Business Combination Agreement
On October 19, 2025 (the “Signing Date”), the Company (which will domesticate as a Delaware corporation prior to the Closing), entered into a Business Combination Agreement (the “Business Combination Agreement”) with Evernorth Holdings Inc., a Nevada corporation (“Pubco”), Pathfinder Digital Assets LLC, a Delaware limited liability company (“Pathfinder”), Evernorth Corporate Merger Sub Inc., a Delaware corporation and wholly owned subsidiary of Pubco (“SPAC Merger Sub”), Evernorth Company Merger Sub LLC, a Delaware limited liability company and wholly owned subsidiary of Pubco (“Company Merger Sub”), and Ripple Labs Inc., a Delaware corporation (“Ripple”).
Pursuant to the Business Combination Agreement, and subject to the terms and conditions set forth therein, upon the consummation of the transactions contemplated thereby (the “Closing” and the date and time at which the Closing is actually held, the “Closing Date”), (a) Company Merger Sub will merge with and into Pathfinder, with Pathfinder continuing as the surviving company (the “Pathfinder Merger”), with holders of Pathfinder units (each, a “Pathfinder Unit”) receiving one share of Class A common stock, par value $0.001 per share, of Pubco (“Pubco Class A Common Stock”) for each Pathfinder Unit, subject to certain reductions and other limitations imposed on the Ripple Parties as set forth in the Business Combination Agreement, and (b) simultaneously with the Pathfinder Merger, SPAC Merger Sub will merge with and into the Company, with the Company continuing as the surviving entity (the “SPAC Merger” and, together with the Company Merger, the “Mergers” and, together with the other transactions contemplated by the Business Combination Agreement and the Ancillary Documents, the “Transactions”), with (x) shareholders of the Company receiving one share of Pubco Class A Common Stock for each Common Share held by such shareholders and (y) warrant holders of the Company receiving one warrant to purchase one share of Pubco Class A Common Stock for each warrant to purchase one SPAC Class A Share held by such warrant holders, in accordance with the terms and subject to the conditions set forth in the Business Combination Agreement.

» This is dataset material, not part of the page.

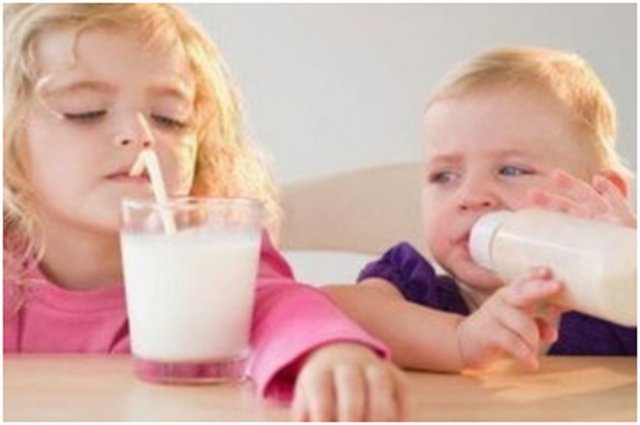 宝宝断奶后吃奶粉为什么老是拉稀 宝宝断奶不吃奶粉怎么办一喂就哭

Upon the consummation of the Mergers and the Transactions, Pubco will become a publicly traded company.
In connection with the Closing, Pubco will have authorized three classes of Pubco common stock with different voting and economic rights. The Pubco Class A Common Stock will be entitled to economic rights, including the right to receive distributions in proportion to the number of shares held, and will be listed for trading on Nasdaq or another national securities exchange. Each share of Pubco Class Common A Stock will be entitled to one vote per share. Shares of Class B common stock, par value $0.001 per share, of Pubco (the “Pubco Class B Common Stock”) will be entitled to one vote per share but will not have any economic rights and will not be listed for trading or transferable unless a corresponding number of units of Pathfinder as the surviving Company after the Pathfinder Merger (the “Company Surviving Subsidiary”) are transferred to the same person. However, no shares of Pubco Class B Common Stock are expected to be issued or outstanding immediately following the Closing. Shares of Class C common stock, par value $0.001 per share, of Pubco (the “Pubco Class C Common Stock” and, together with the Pubco Class A Common Stock and the Pubco Class B Common Stock, the “Pubco Stock”) will be entitled to economic rights, including the right to receive distributions in proportion to the number of shares held, but will have no voting rights except as required by the Nevada Revised Statutes and will not be listed for trading or transferable, and will be convertible into Pubco Class A Common Stock at the election of the holder from time to time.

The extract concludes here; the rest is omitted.